Così, ieri, è stata anche presentata un’interrogazione parlamentare di Michele Anzaldi sulla vicenda, mentre dallo studio legale Wildside Human First di Bologna e rappresentato dalle avvocate Silvia Gorini e Cathy La Torre, fanno sapere di aver presentato un esposto al Garante per la protezione dei dati personali per “trattamento illecito dei dati personali”.
Le due legali lanciano anche un appello: “Affinché questa segnalazione sia efficace, ovvero porti a una efficace indagine, vi chiediamo di renderla virale”.
Ci auguriamo che questa contro-viralità positiva nell’uso dei social riesca a spazzare via tanto odio cumulato in questi giorni (così come hanno funzionato la marea di presidi e manifestazioni nella vita non virtuale).

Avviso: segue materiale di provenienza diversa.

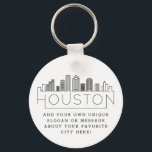 Houston, Texas Stylized Skyline | Anpassningsbar S Nyckelring<br><div class="desc">En unik nyckelring som representerar Houstons vackra stad Texas. Den här nyckelkedjan har en stiliserad illustration av stadens unika skylt med namn under. Under staden är namn en plats för din unika slogan eller påstående om din favoritstad.</div>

Un grazie a Carola lo dobbiamo. Perché malgrado gli insulti e le accuse, ha affrontato il tutto con enorme dignità e ha commentato così la decisione del giudice: “Sono sollevata dalla decisione del giudice, che considero una grande vittoria della solidarietà con tutte le persone come i rifugiati, i migranti e i richiedenti asilo, e contro la criminalizzazione degli aiuti in molti paesi in Europa”. Aggiungendo: “Voglio sottolineare che tutto l’equipaggio della Sea Watch 3 ha reso questo possibile e nonostante che l’attenzione si sia concentrata su di me, è come squadra che abbiamo tratto in salvo le persone, ci siamo presi cura di loro e le abbiamo portate in salvo”.